*** Dataset records Section Begins ***
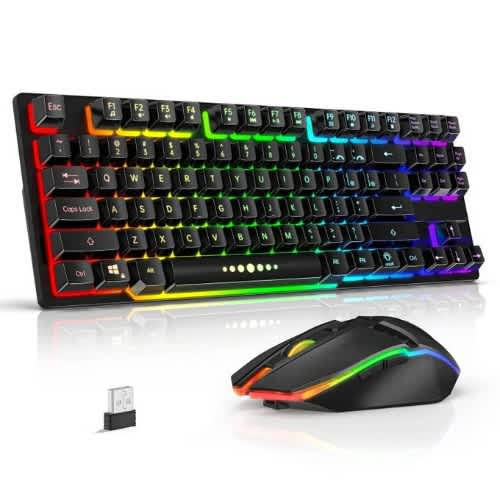 Keyboard & Mouse Combo Gaming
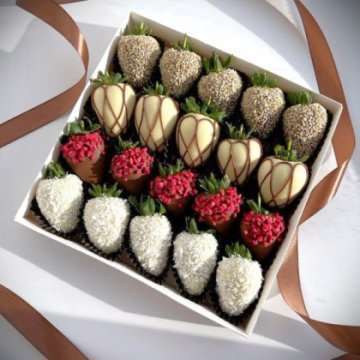 Клубника в шоколаде "Райское утро"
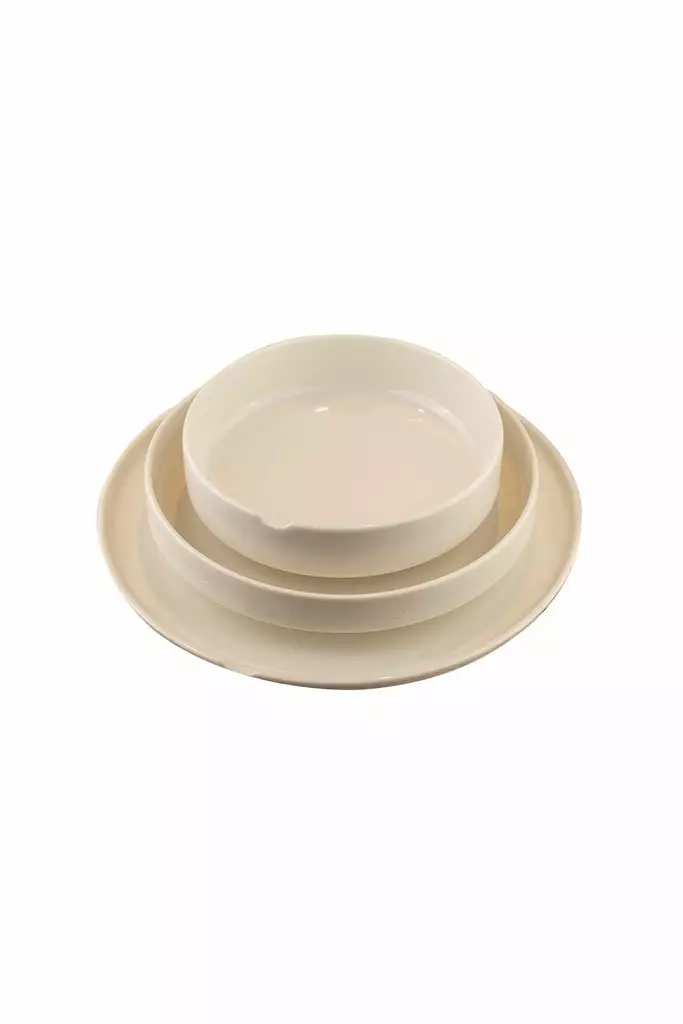 Matsservis Hermia Flerfärgad Porslin 18 Delar - Serveringsfat - 8684282827061 - 1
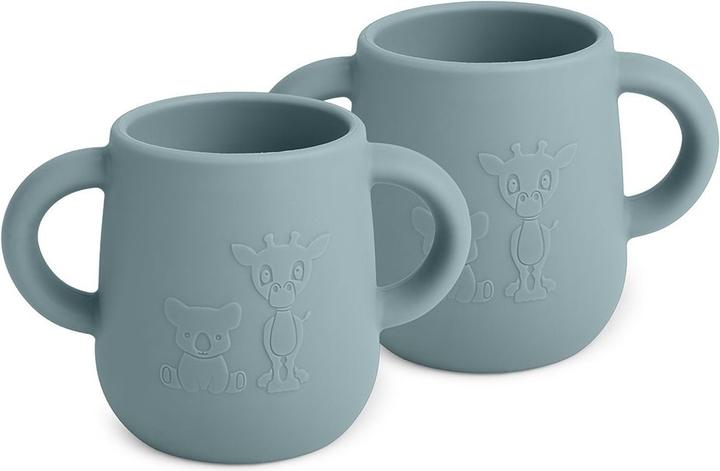 Produktbild Nuuroo Abiola Silicone Cup 2-Pack - Lead
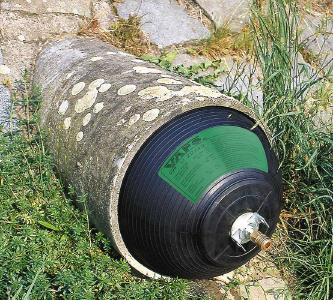 Rohrdichtkissen Anwendungsbild MOWOTAS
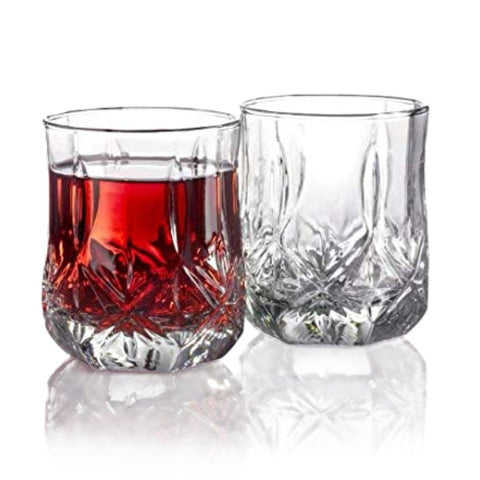 Set 12 Pahare din Sticla Kaveh River 310 ml Perfecte pt terasa piscina evenimente CADOUL PERFECT
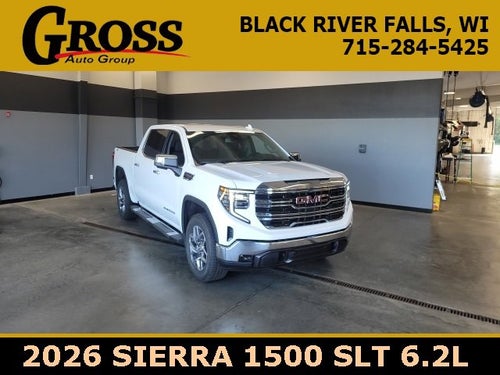 2026 GMC Sierra 1500 SLT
*** Dataset records Section Ends ***
> _Required action_:
Skipping any images, write out all the data exactly.

> _Result of the exercise_:
 Keyboard & Mouse Combo Gaming
 Клубника в шоколаде "Райское утро"
 Matsservis Hermia Flerfärgad Porslin 18 Delar - Serveringsfat - 8684282827061 - 1
 Produktbild Nuuroo Abiola Silicone Cup 2-Pack - Lead
 Rohrdichtkissen Anwendungsbild MOWOTAS
 Set 12 Pahare din Sticla Kaveh River 310 ml Perfecte pt terasa piscina evenimente CADOUL PERFECT
 2026 GMC Sierra 1500 SLT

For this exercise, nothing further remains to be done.